--- RECORD SET ---

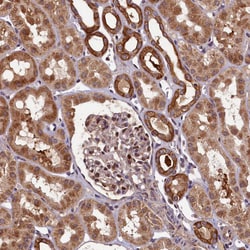 Invitrogen NCKAP5L Polyclonal Antibody 100 &mu;L; Unconjugated:Antibodies,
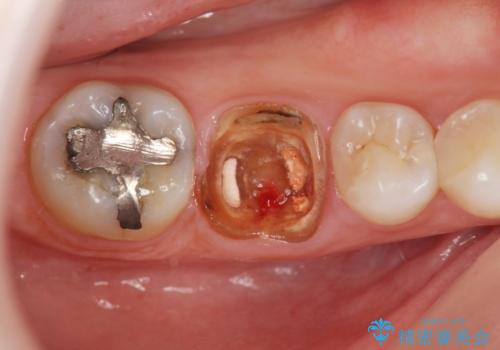 放置した虫歯　ブリッジ治療の症例 治療前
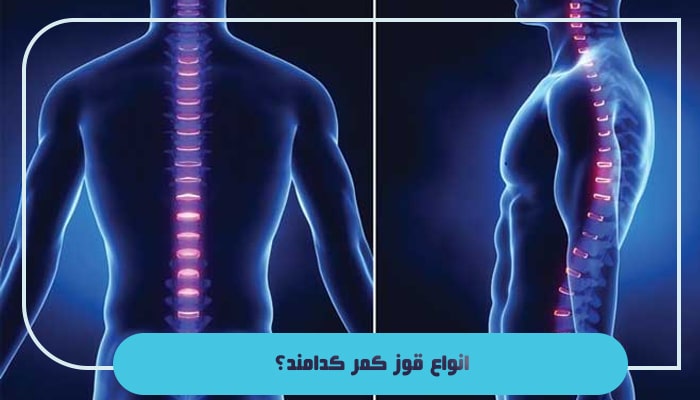 قوز کمر یا کیفوز چیست؛ آیا این بیماری 100 درصد قابل درمان است؟ 3 انواع قوز کمر کدامند؟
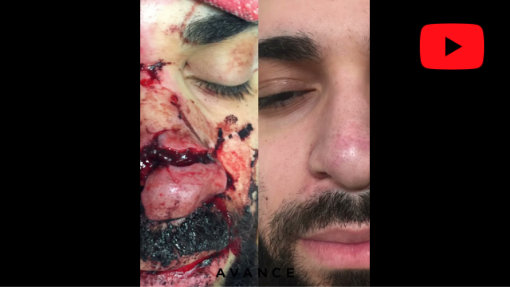 YouTube video titled Reno Facial Trauma Reconstruction | Nose/Nasal Reconstruction Lake Tahoe | Avance Plastic Surgery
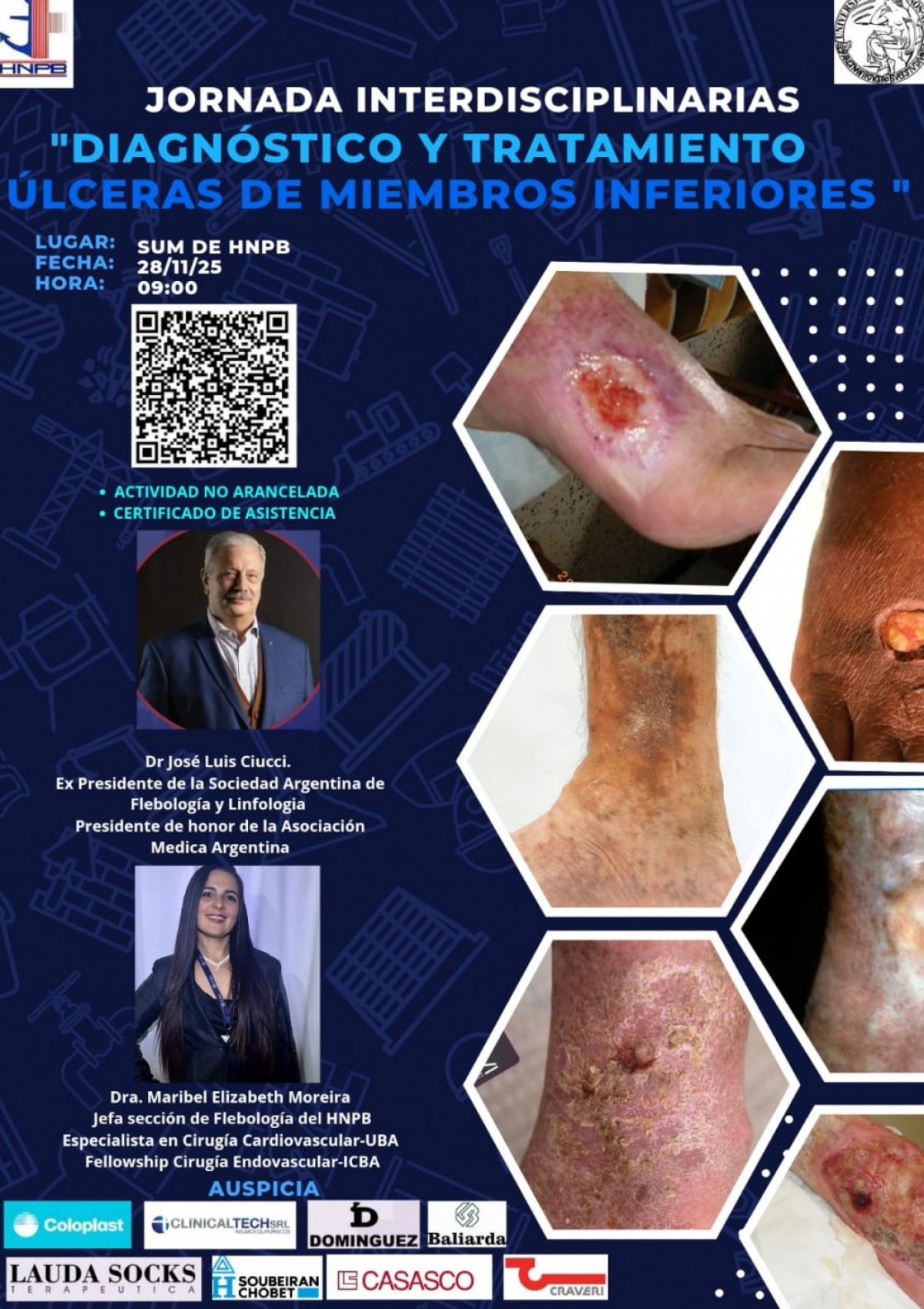 Jornada interdisciplinaria en el HNPB sobre diagn&oacute;stico y tratamiento de &uacute;lceras en miembros inferiores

---

EXERCISE
Each line above has to be returned exactly. Drop the pictures.

SOLUTION BELOW
 Invitrogen NCKAP5L Polyclonal Antibody 100 &mu;L; Unconjugated:Antibodies,
 放置した虫歯　ブリッジ治療の症例 治療前
 قوز کمر یا کیفوز چیست؛ آیا این بیماری 100 درصد قابل درمان است؟ 3 انواع قوز کمر کدامند؟
 YouTube video titled Reno Facial Trauma Reconstruction | Nose/Nasal Reconstruction Lake Tahoe | Avance Plastic Surgery
 Jornada interdisciplinaria en el HNPB sobre diagn&oacute;stico y tratamiento de &uacute;lceras en miembros inferiores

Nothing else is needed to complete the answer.